As the Korean Diaspora series drew to a close, NTCK organized a symposium with the title, “The Diasporic Generation Transcending National, Linguistic, and Ethnic Boundaries.” The title speaks clearly to the intent and conclusion of the series. A member of the audience of the symposium thanked me for organizing such a festival, followed by applause from the rest of the audience. Let me quote that remark as a way of finishing this address:
I am grateful for the Korean Diaspora series. I vaguely thought that the Korean diaspora referred to people of the Korean origin and descent living outside Korea who remained steadily oriented and loyal to Korea and Koreanness. The plays performed as part of the series, however, made me revisit my assumption. The series made me realize that the Korean diaspora consisted of diverse people who actively create their own stories and cultures, free from attachment to Koreanness.

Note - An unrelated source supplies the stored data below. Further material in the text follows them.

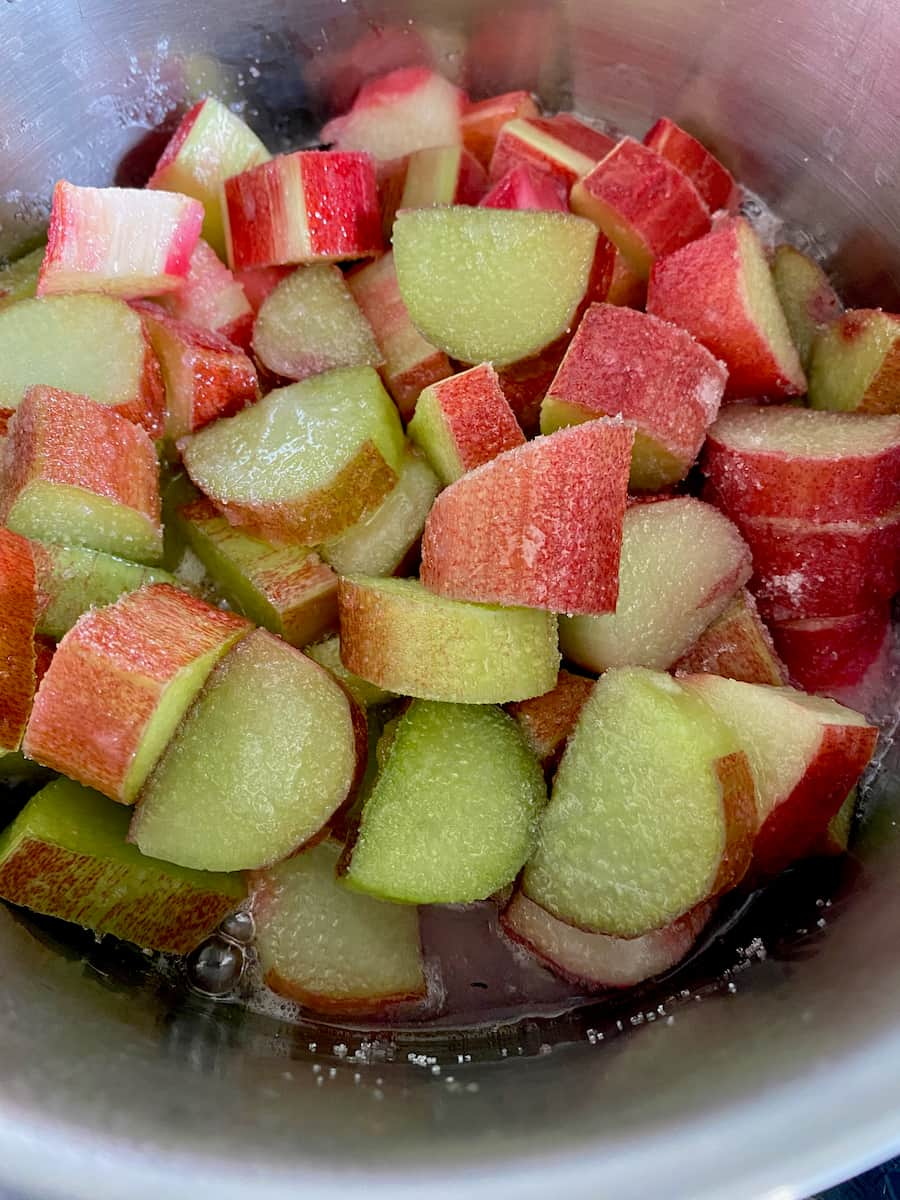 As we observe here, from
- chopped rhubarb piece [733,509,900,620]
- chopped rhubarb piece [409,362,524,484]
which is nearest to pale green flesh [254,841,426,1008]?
chopped rhubarb piece [409,362,524,484]

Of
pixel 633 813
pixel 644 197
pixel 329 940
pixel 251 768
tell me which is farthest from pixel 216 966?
pixel 644 197

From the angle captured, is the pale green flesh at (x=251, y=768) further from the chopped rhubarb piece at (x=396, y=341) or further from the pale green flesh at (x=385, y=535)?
the chopped rhubarb piece at (x=396, y=341)

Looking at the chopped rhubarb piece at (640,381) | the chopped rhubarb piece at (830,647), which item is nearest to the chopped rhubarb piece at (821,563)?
the chopped rhubarb piece at (830,647)

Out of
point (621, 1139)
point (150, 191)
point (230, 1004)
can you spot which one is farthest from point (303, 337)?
point (621, 1139)

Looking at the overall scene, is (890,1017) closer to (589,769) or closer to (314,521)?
(589,769)

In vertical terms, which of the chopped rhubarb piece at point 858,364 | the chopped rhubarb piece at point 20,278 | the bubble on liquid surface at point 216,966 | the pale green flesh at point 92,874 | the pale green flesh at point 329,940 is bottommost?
the bubble on liquid surface at point 216,966

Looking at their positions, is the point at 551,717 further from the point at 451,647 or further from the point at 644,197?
the point at 644,197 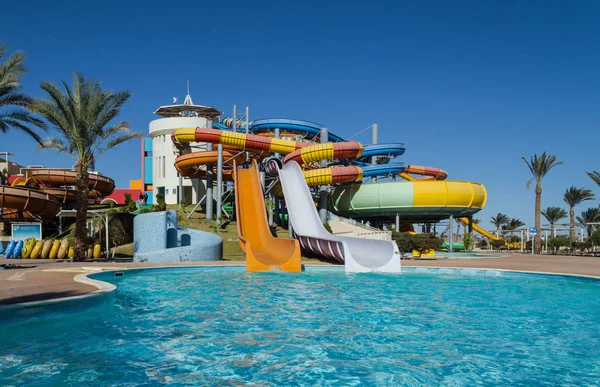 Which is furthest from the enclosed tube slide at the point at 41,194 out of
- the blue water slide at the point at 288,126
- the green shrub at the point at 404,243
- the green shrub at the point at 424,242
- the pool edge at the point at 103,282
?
the green shrub at the point at 424,242

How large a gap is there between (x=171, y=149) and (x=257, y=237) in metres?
29.5

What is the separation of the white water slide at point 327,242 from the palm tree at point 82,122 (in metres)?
8.79

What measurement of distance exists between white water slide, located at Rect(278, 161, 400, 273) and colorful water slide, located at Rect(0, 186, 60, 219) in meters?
15.6

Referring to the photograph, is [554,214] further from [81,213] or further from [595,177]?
[81,213]

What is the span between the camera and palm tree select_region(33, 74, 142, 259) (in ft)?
Answer: 63.1

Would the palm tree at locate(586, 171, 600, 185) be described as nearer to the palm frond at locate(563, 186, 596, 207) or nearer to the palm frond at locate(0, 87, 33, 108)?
the palm frond at locate(563, 186, 596, 207)

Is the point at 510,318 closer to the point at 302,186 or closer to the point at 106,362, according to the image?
the point at 106,362

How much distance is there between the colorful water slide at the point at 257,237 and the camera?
1628 cm

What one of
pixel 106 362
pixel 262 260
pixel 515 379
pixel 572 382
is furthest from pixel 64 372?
pixel 262 260

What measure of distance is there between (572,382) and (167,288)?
9.93 metres

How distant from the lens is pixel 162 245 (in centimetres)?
2070

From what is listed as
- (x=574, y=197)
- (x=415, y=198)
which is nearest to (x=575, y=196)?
(x=574, y=197)

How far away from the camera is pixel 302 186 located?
2506 centimetres

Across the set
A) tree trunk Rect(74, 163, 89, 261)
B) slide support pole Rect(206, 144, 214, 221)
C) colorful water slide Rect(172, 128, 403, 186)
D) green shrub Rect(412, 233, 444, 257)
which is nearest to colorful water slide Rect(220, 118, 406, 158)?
colorful water slide Rect(172, 128, 403, 186) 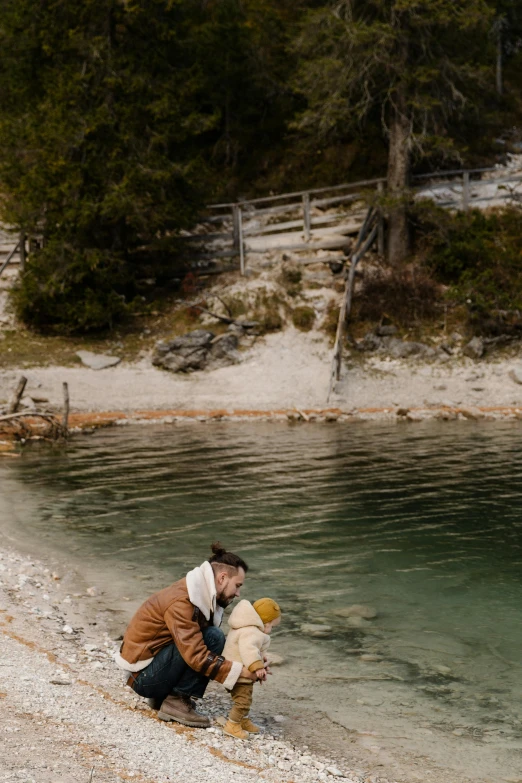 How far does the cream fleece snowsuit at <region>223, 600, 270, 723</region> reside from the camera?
611cm

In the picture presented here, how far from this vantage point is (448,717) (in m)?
6.89

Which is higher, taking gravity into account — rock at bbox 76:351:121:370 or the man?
rock at bbox 76:351:121:370

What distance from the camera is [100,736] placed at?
17.9ft

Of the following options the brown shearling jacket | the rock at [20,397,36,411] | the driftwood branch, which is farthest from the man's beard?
the rock at [20,397,36,411]

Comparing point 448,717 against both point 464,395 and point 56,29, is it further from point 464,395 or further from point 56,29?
point 56,29

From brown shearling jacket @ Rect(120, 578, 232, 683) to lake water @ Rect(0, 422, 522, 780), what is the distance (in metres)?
1.51

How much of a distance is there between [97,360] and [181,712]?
957 inches

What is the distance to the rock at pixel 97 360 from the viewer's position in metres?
29.4

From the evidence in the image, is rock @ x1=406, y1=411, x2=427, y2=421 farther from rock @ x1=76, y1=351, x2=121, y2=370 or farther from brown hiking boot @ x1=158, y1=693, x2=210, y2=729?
brown hiking boot @ x1=158, y1=693, x2=210, y2=729

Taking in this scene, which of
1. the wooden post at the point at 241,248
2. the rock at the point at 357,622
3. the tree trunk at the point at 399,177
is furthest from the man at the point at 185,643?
the wooden post at the point at 241,248

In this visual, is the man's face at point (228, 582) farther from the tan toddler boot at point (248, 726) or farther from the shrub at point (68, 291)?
the shrub at point (68, 291)

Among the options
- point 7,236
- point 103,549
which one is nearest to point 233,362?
point 7,236

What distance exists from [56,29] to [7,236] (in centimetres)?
843

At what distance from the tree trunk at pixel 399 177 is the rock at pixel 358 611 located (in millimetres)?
24715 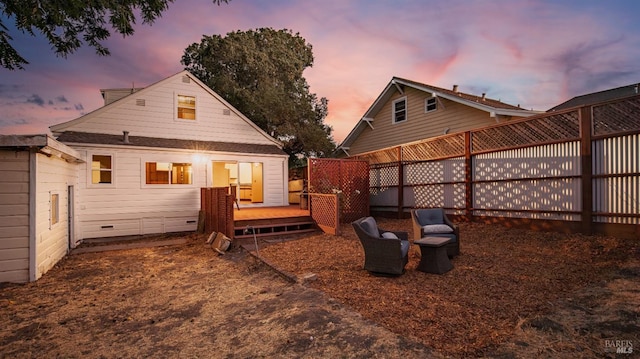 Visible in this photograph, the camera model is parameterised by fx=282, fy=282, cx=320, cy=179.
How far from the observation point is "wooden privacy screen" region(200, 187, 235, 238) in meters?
8.32

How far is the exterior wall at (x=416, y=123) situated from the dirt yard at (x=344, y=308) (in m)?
6.55

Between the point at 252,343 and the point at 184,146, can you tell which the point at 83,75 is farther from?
the point at 252,343

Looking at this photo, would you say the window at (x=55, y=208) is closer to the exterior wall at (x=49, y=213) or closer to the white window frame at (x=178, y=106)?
the exterior wall at (x=49, y=213)

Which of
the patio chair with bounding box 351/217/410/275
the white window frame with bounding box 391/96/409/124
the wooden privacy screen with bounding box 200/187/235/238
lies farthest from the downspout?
the white window frame with bounding box 391/96/409/124

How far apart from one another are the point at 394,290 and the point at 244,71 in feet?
68.7

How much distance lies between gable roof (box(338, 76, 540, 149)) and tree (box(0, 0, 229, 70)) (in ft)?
30.9

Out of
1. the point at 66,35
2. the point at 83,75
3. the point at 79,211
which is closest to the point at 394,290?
the point at 66,35

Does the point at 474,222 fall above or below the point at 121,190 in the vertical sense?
below

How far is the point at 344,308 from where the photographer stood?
3.74 metres

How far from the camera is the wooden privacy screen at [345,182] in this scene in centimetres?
1027

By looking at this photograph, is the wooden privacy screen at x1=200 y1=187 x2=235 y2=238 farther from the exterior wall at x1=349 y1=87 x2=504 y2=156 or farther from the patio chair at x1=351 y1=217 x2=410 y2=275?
the exterior wall at x1=349 y1=87 x2=504 y2=156

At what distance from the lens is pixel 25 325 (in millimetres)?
3703

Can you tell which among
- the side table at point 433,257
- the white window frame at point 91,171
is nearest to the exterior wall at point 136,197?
the white window frame at point 91,171

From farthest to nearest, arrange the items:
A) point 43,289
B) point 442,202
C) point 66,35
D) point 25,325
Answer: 1. point 442,202
2. point 66,35
3. point 43,289
4. point 25,325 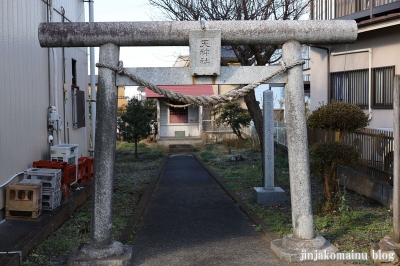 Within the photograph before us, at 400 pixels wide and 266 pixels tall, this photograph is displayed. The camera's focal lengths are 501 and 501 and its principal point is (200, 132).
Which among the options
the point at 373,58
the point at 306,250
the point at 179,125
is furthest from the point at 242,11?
the point at 179,125

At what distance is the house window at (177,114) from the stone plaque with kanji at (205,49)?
77.8 ft

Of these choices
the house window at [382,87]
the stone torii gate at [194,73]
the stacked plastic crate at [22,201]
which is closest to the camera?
the stone torii gate at [194,73]

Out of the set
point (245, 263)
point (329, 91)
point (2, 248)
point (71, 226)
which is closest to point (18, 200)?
point (71, 226)

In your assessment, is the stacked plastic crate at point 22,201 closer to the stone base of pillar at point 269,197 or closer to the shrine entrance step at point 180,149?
the stone base of pillar at point 269,197

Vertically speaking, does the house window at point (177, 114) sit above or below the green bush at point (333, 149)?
above

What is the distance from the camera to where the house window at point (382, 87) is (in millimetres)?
13336

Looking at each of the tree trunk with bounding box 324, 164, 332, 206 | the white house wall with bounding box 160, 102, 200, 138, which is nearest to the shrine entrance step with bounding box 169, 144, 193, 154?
the white house wall with bounding box 160, 102, 200, 138

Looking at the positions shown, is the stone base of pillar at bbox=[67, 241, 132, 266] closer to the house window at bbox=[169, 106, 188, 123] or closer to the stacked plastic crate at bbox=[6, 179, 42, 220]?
the stacked plastic crate at bbox=[6, 179, 42, 220]

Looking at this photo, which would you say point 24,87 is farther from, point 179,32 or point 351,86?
point 351,86

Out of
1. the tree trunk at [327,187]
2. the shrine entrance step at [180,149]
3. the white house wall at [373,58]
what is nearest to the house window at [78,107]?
the white house wall at [373,58]

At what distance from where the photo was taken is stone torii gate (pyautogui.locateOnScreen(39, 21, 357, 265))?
693cm

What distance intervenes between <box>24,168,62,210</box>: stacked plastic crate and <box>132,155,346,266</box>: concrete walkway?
176cm

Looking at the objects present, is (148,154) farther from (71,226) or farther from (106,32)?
(106,32)

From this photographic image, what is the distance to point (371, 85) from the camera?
14141 millimetres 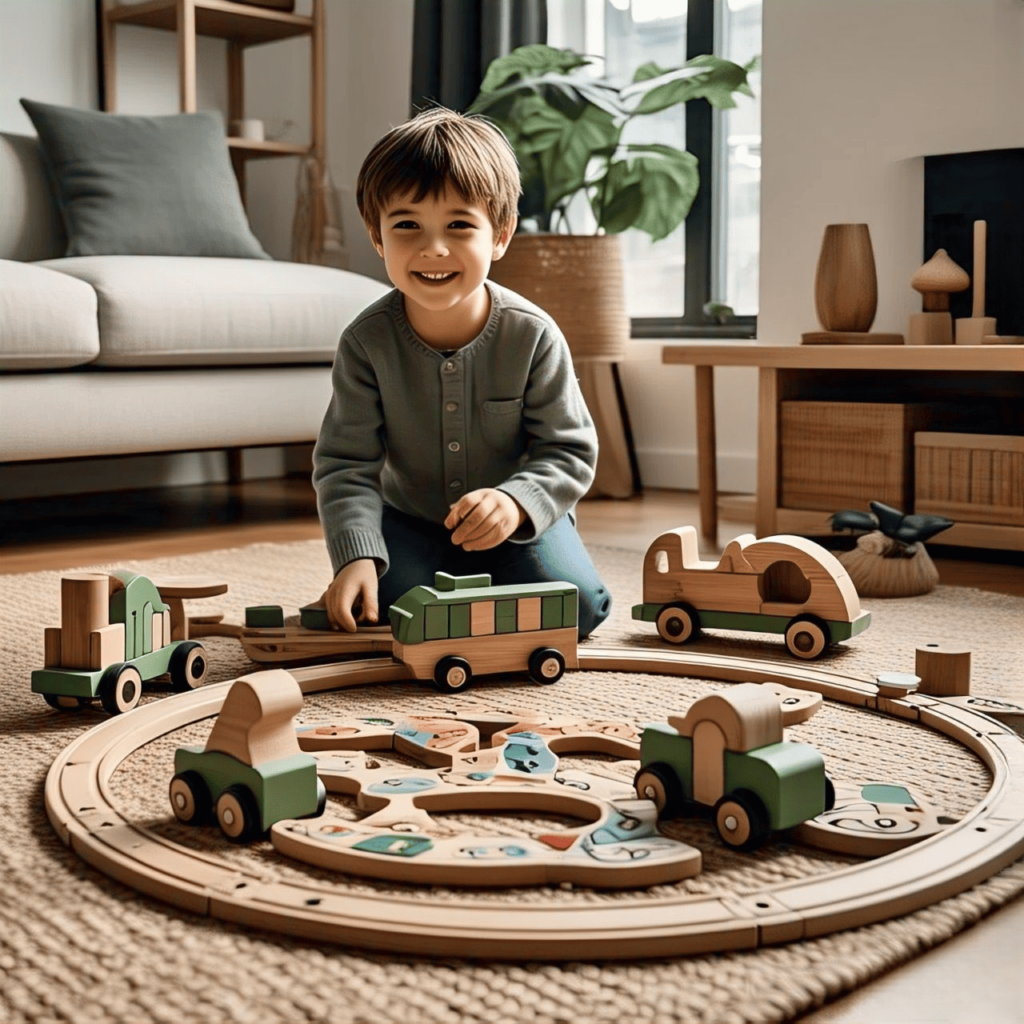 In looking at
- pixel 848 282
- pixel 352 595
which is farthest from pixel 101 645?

I was glad to experience this change of thought.
I now say that Korea is still diametrically divided a community, but there seems to be a growing consciousness among Koreans that transcends beyond empty nationalistic pride and absorbs international objectivity.
 Oh Dong-Shik, Interview. NTCK’s Programbook, 2017, P.7
 In-Sook Chappell. Interview. NTCK’s Programbook, 2017, p. 22.
 NTCK, Rehearsal Book of Korean Diaspora Season, 2017, p.190.